*Your task*: Find the line with "House for sale" and the line with "Красиве платтячко для дівчинки" in the entries below; output exactly those two lines, every line between them, and no others.

*Data extracts*:
- - -
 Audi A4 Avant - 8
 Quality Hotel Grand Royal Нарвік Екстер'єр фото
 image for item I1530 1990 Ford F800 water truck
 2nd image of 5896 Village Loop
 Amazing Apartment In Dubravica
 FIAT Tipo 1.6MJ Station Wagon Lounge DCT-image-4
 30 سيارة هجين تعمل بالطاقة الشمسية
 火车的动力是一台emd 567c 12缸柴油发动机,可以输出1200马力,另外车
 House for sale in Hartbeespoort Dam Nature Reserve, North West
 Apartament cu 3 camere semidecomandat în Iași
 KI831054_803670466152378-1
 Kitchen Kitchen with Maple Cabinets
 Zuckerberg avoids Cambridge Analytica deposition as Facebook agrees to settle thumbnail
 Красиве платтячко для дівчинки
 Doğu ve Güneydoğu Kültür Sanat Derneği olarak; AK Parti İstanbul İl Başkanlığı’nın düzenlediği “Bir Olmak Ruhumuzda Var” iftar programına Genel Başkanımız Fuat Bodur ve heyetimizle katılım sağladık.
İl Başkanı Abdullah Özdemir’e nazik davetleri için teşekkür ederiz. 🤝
- - -
*Task output*:
 House for sale in Hartbeespoort Dam Nature Reserve, North West
 Apartament cu 3 camere semidecomandat în Iași
 KI831054_803670466152378-1
 Kitchen Kitchen with Maple Cabinets
 Zuckerberg avoids Cambridge Analytica deposition as Facebook agrees to settle thumbnail
 Красиве платтячко для дівчинки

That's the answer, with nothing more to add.